Nicholas Jackson works in media, publishing, and tech; as a newsroom leader, he has served as editor-in-chief of both Pacific Standard and Atlas Obscura. / nbjackson.com

 

Margaret Howie
Frankly, let the polar bears swim over and eat us all, we deserve it.

Most important: A 19th-century judge once said of the residents of Uxbridge, a town on the edges of London established between the seventh and 12th centuries, “They will steal the very teeth out of your mouth as you walk through the streets.” Contemporary Uxbridge’s reputation is now decidedly worse—the borough is a traditional stronghold for the ruling Conservative Party. While the Tories have been busy stripping the country’s teeth from its head, their popularity has wavered to the point that a recent by-election in Uxbridge had an uncommonly narrow result, with the Conservative candidate squeaking in a win with 495 votes.

Those 495 extra votes were quickly attributed to backlash to an anti-pollution scheme. The reaction from the Tories was swift. Head ding-dong PM Rishi Sunak started barking about “the war on motorists” and Tory ministers leapt into “anti-green” policies. This is presumably a big reason as to why the government has moved away from the Net Zero Carbon Emissions by 2050 goal. Not that some handy petroleum industry money may not have played a part, either. But the combination of stupidity, shortsightedness, and selfishness to get a little extra power (a combination just as evident over on the Labour side), is why we ended up with a burning planet in the first place. And there are Uxbridge moments everywhere. Frankly, let the polar bears swim over and eat us all, we deserve it.

Least important: Movies are not dying because of superhero fatigue or overpriced tickets or the use of mobile phones, movies are dying because the lighting is terrible: Please someone stop the gray sludge look that has spread like the Blob across every goddamn prestige picture, stop color grading to a tone of “mildewed shower curtain,” fuck outta here with the “natural lighting” bullshit, if I wanted natural I’d be outside of a cinema looking at normal, non-movie star people. If we could all work out ring lights and decent angles during the pandemic you can show me actors’ faces not doused in shadows [ahem RIDLEY SCOTT] I am not a crank, turn the lights on.

Margaret Howie is an editor at Space Fruit Press and teaches at Illume PIlates in beautiful South East London.

 

Nick Van Osdol
Million-year-old miracle technologies, i.e., trees, deserve as much wonder and attention as AI or whatever else will be in vogue in 2024.

Most important: Deforestation in Brazil’s Amazon fell significantly due to more stringent enforcement of environmental policies under Lula’s admin than Bolsonaro’s (34 percent in the first half of 2023).

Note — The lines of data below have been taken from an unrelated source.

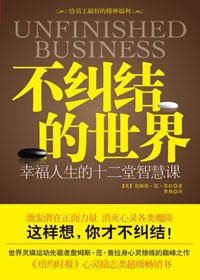 不纠结的世界在哪里可以看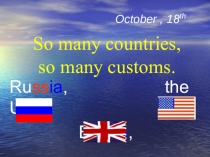 Презентация по английскому языку на тему So many countries. so many customs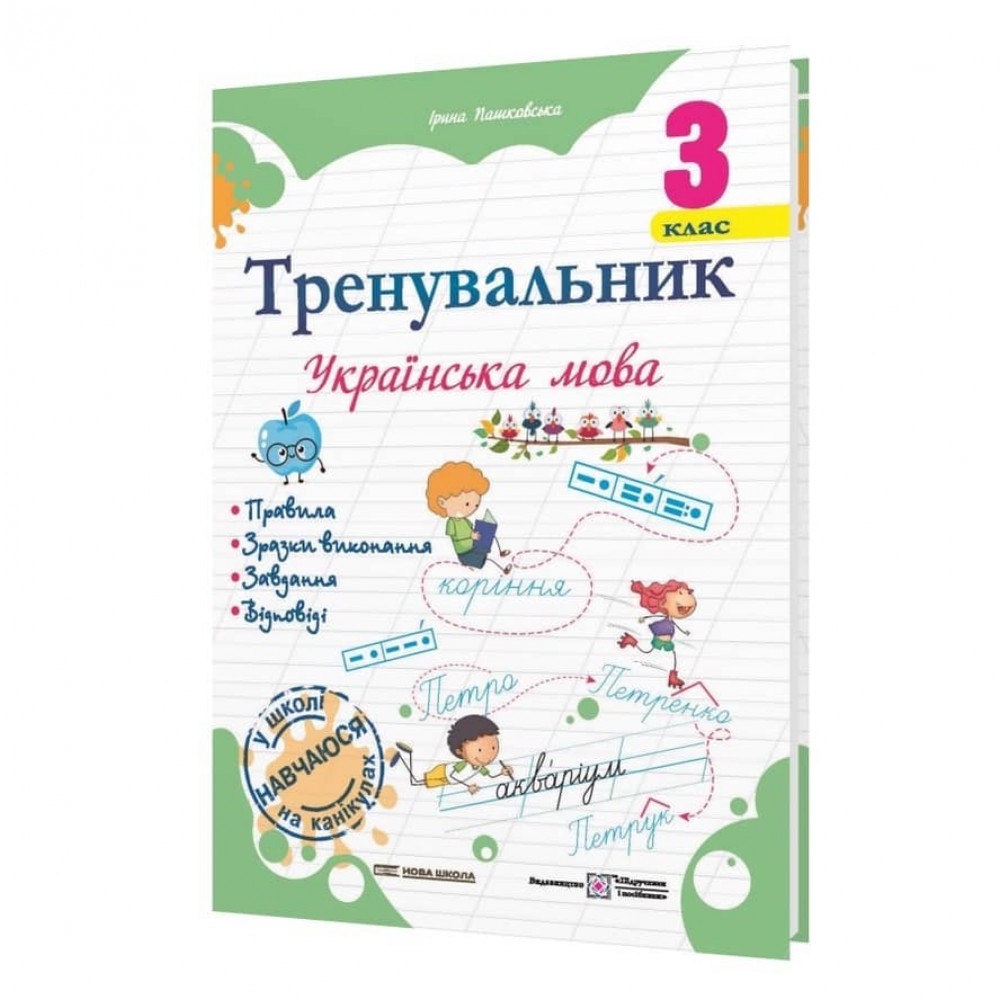 Тренувальник. Українська мова. 3 клас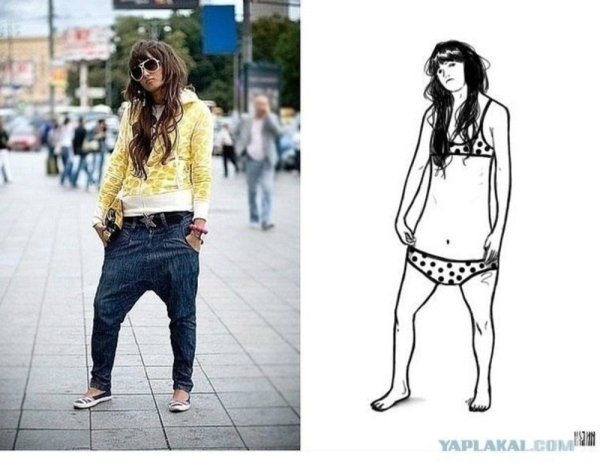 Штаны с низкой мотней прикол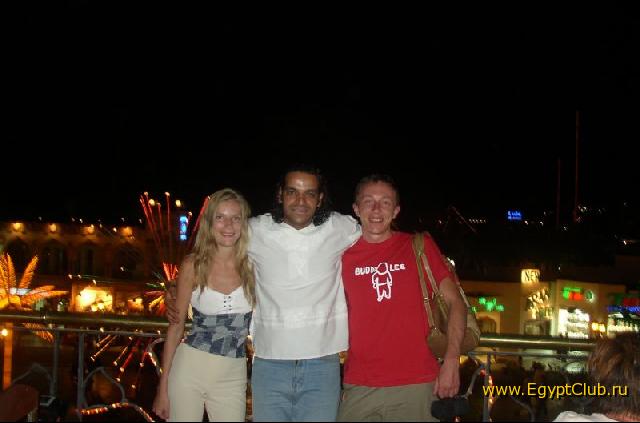 C �������� �����. ������������ � �����-������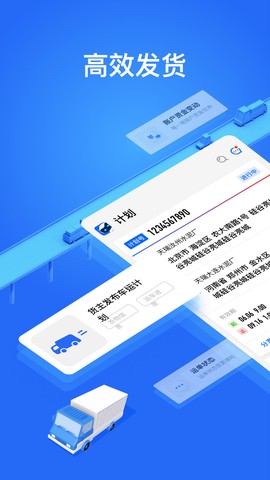 大易货主图2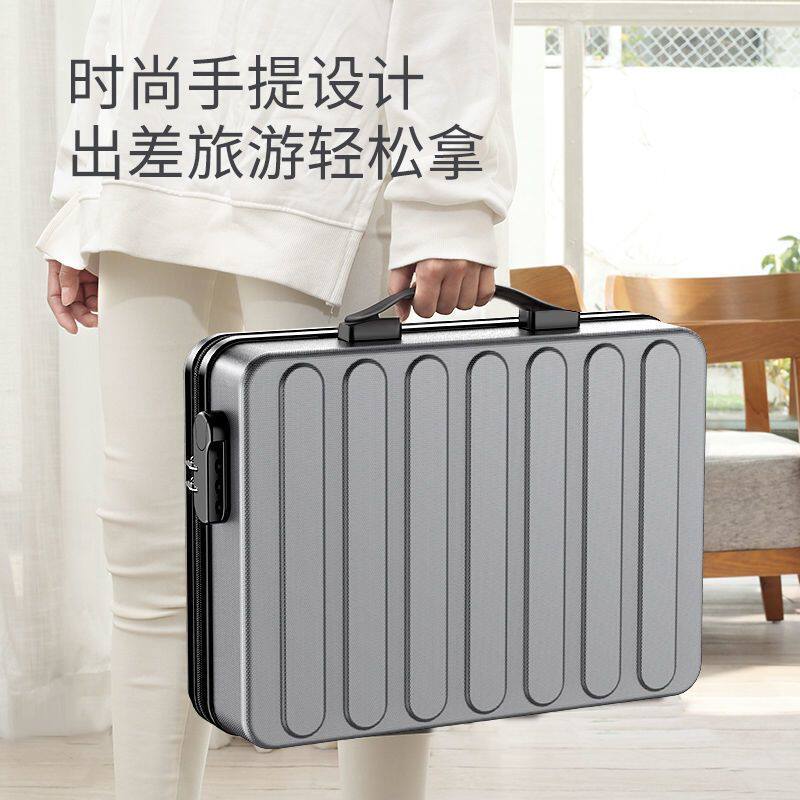 证件收纳包家庭家用大容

We’ll see where the full year nets out. I answer this way because while most of the attention (and often, investment) in climate efforts swirls around renewable energy, electric vehicles, global conferences, or activist stunts, some of the highest-leverage impact lies in enforcement of existing policies and good ol’ conservation. It’s easy to get tunnel vision on new, exciting technologies. But million-year-old miracle technologies, i.e., trees, deserve as much wonder and attention as AI or whatever else will be in vogue in 2024.

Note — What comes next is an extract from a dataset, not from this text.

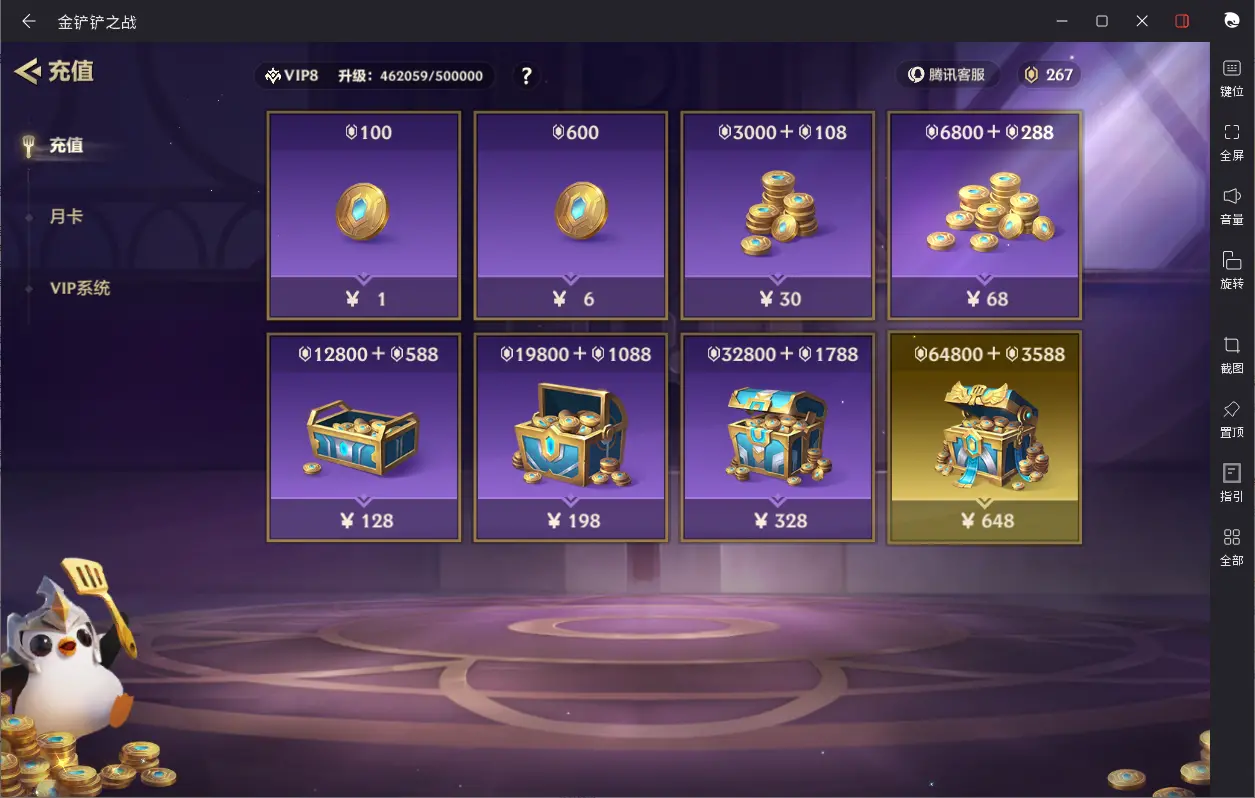 JCCZJY31941金铲铲之战账号详情图9 JCCZJY31941金铲铲之战账号详情图9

Least important: My answering this question. I’ll throw myself before the sword here because I can’t otherwise bring myself to deny the potential ripples and reverberation of anything else under the sun. One of my favorite Zen koans explains why:

A Zen master named Gisan asked a young student to bring him a pail of water to cool his bath.

The student brought the water and, after cooling the bath, threw on to the ground the little that was left over.

“You dunce!” the master scolded him. “Why didn’t you give the rest of the water to the plants? What right have you to waste even a drop of water in this temple?”

The young student attained Zen in that instant. He changed his name to Tekisui, which means a drop of water.

Nick van Osdol is a Brooklyn-based writer, media operator, and analyst primarily covering the intersection of business and climate at keepcool.co.